What Trips Your Trigger?

GRADE9-12SESSION2

Time Required: 45 minutes

Content Standards:

Personal/Social Development

A. Students will acquire the knowledge, attitudes and interpersonal skills to help them understand and respect self and others.

Indicators:

Students will be able to communicate effectively within and beyond the classroom.

Students will be able to recognize and solve problems

Students will be able to make decisions and act as responsible members of society.

Activity Statements:

Students demonstrate their ability to identify what triggers their anger and the cues that warn them of their angry feelings by completing the Student Activity Page Anger Management Cues and by responding verbally to the prompt: (regarding my anger and me) “I learned I____.”

Materials:

Cues-to-Anger Buttons—prepare prior to session (Resource Page)

Anger Management folders including Session 1 Handouts:

Small Group Counseling Guidelines

Pre-Group Anger Management Self –Assessment form

Anger: Myth or Not (Student Activity Page)

Anger: Myth or Not: Answer Sheet—Myth Busters (Student Activity Page)

Discipline/Office Referrals (Pre-Group Resource Page)

Completed Tracking and Taming My Anger: Part I (student assignment from Session 1)

Anger Management Cues (Student Activity Page)

Tracking and Taming My Anger: Part II (Student Activity Page)

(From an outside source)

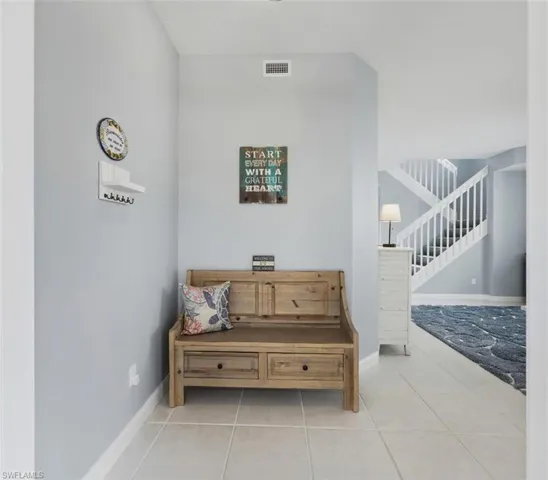 Sitting room featuring baseboards and light tile patterned floors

Session 2 Classroom Teacher/Parent/ Guardian Follow-Up Suggestions

Procedures:

ProfessionalSchool Counselor Procedures: Session 2 / Student Involvement: Session 2
  1. Following “Hook,” review Small Group Guidelines and Group Assignment from Session 1: students were to track/record when they had feelings of anger, the situations when anger occurred and their bodies’ responses to feelings of anger.
  1. Introduce Session 2 with Essential Question: “What makes people angry and how do they know when they are angry?”
Explain that in this session they will learn more about “triggers” to their anger AND what they can do to respond in safer and healthier ways to the natural emotion of anger; to take control of their responses, rather than anger being in control of their responses.
  1. Distribute students’ Anger Management folders (Session 1). Ask for 2-3 volunteers to review what they learned during the last session. Ask members to review the personal goals they wrote on their Anger Management Self-Assessments. “On scale of 1-5 (5= high), SHOW-ME (with hands) how you did”.
  1. As a springboard to making a list of triggers, using their Tracking and Taming Anger: Part I (Session 1 Group Assignment), ask students to review their written records of the times they experienced feelings of anger during the past week. Brainstorm with students additional situations that trigger their anger and list on board or large sheet of paper. Comment that these situations are ones that may be from a person’s past and/or be long standing.
  1. Distribute the Anger Management Cues student activity page. Refer to the “Hook’s” Cues to Anger Buttons; tell students that their bodies give cues when “anger is approaching.” Ask students to refer to the written record of their anger over the past week, especially, their bodies’ reactions to feelings of anger. Ask for examples for each heading and ask students to write them on their anger cues activity page.
  1. Discuss with the students the different cues and help in their individual determination of their cues to angry feelings.
  1. Comment that a person’s knowledge of what triggers anger and his or her body’s cues that anger is approaching, can enable control of unsafe and/or unhealthy responses to feelings of anger. Encourage questions and comments from students.
  1. Explain the 4 actions they can take to gain power over their anger: 1. STOP—recognize anger sources, triggers and clues; 2. COOL-DOWN—develop an invisible “cool-down” signal (e.g., count to 10, put thumb and forefinger together) to gain power over anger; 3. THINK of a “Cool” response; 4. ACT on your “Cool Response”—do something positive; act in a safe and healthy way! (see Anger Management Units for grades 3-5 & 6-8 for additional information and ideas)
  1. Help students revisit their personal goals and review what they learned during this session. Help students revise/refine their personal goals and decide on their actions for the coming week.
  1. Formative Assessment: Assess students’ current understanding of the triggers to their anger and the cues that warn them of their angry feelings by doing a “whip around.” Beginning on your right, ask students to complete the following sentence: “In regard to my feelings of anger, I learned I______. Listen for an emergent understanding of anger and their personal role in taking control of their anger.
Collect students’ Anger Management Folders.
  1. Homework Assignment: Ask students to journal when they have feelings of anger, what triggers that feeling, the cues to their bodies’ feelings of anger, their actions in response to the cues and the consequences of their actions for next session. (The student activity page Tracking and Taming My Anger: Part II provides one way for students to journal their feelings of anger.) Remind students to review and monitor their progress toward meeting their personal goals (make sure their goals are written in a visible place, e.g., daily planners).
  1. Distribute & Explain Session 2 Classroom Teacher/Parent/ Guardian Follow-Up Suggestions. Send a copy home with each student and provide a copy to classroom teacher(s) of students in group.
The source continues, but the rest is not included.